### WHAT TO WORK ON
What is needed is an exact copy of the entries, with the pictures excluded.
┌──
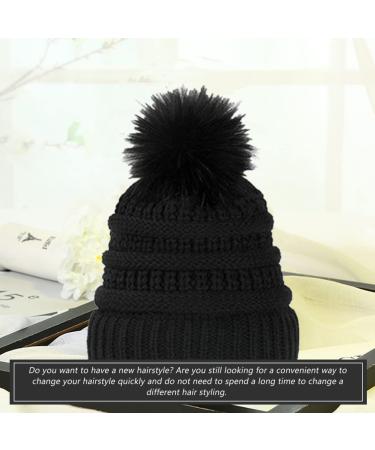 Shop Corrugated Curly Hair Extensions: Warm Knitted Pom Cap with Synthetic Hair for Women | International Shipping Available - Buy Online on GoSupps.com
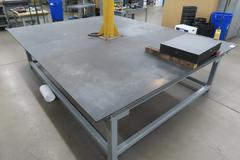 Overhead Hoist & Crane Specialists Heavy Duty Steel Mold Table with Overhead Hoist System, Contrex Model B586 1/4 Ton Jib Cane w  2 Ton Electric Chain Hoist, I Beam, Trolley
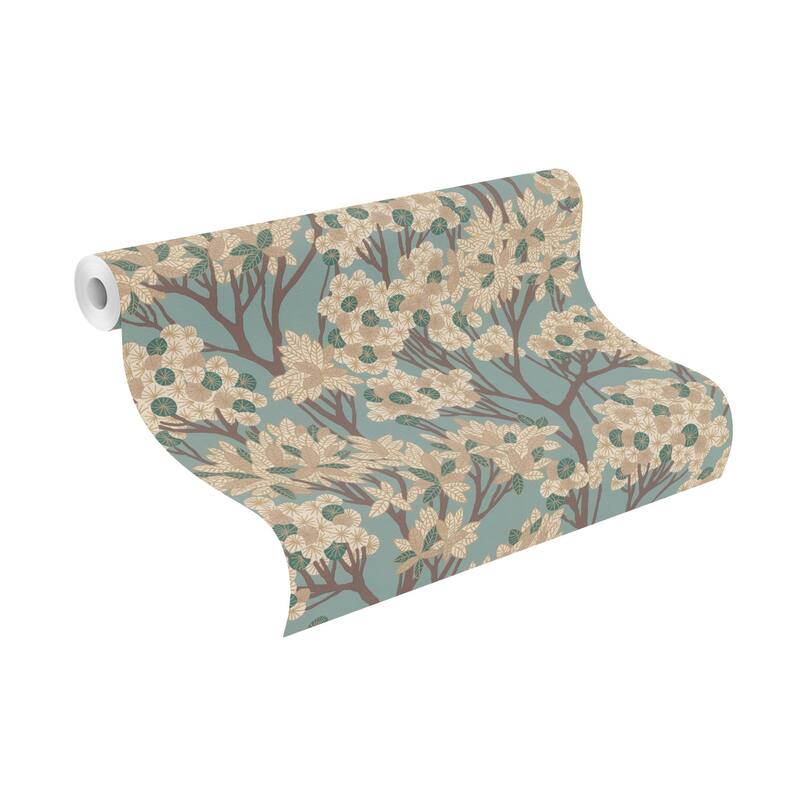 Rasch Stickley Sky Blue Tree Wallpaper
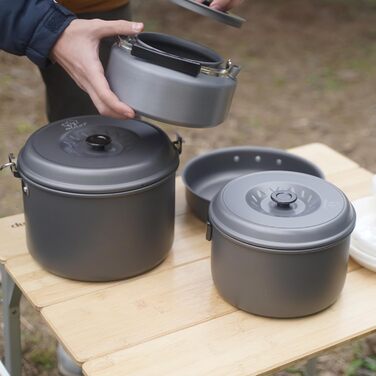 Набір посуду для кемпінгу Bulin, алюмінієві кемпінгові горщики, легкий набір для приготування їжі з складними столовими приборами та чайником, кемпінговий посуд для 1-2-4-6 осіб, ідеально підходить для кемпінгу, активного відпочинку на свіжому повітрі, пі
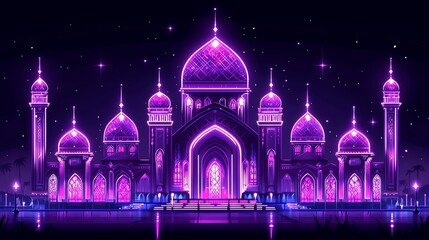 Vibrant night scene of a majestic palace illuminated in purple hues with starry sky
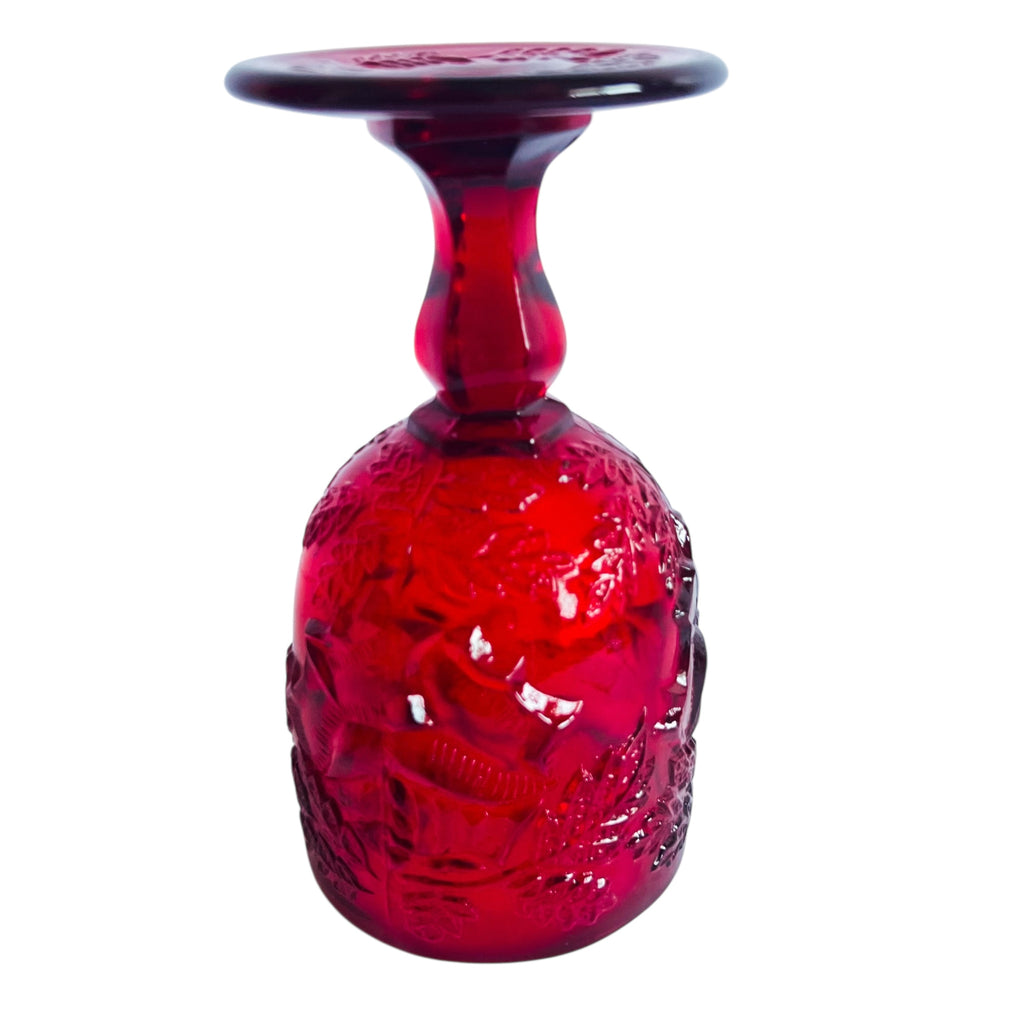 Madonna Inn Wild Rose Ruby Red Goblet Drinking Glass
└──
### ANSWER SECTION
 Shop Corrugated Curly Hair Extensions: Warm Knitted Pom Cap with Synthetic Hair for Women | International Shipping Available - Buy Online on GoSupps.com
 Overhead Hoist & Crane Specialists Heavy Duty Steel Mold Table with Overhead Hoist System, Contrex Model B586 1/4 Ton Jib Cane w  2 Ton Electric Chain Hoist, I Beam, Trolley
 Rasch Stickley Sky Blue Tree Wallpaper
 Набір посуду для кемпінгу Bulin, алюмінієві кемпінгові горщики, легкий набір для приготування їжі з складними столовими приборами та чайником, кемпінговий посуд для 1-2-4-6 осіб, ідеально підходить для кемпінгу, активного відпочинку на свіжому повітрі, пі
 Vibrant night scene of a majestic palace illuminated in purple hues with starry sky
 Madonna Inn Wild Rose Ruby Red Goblet Drinking Glass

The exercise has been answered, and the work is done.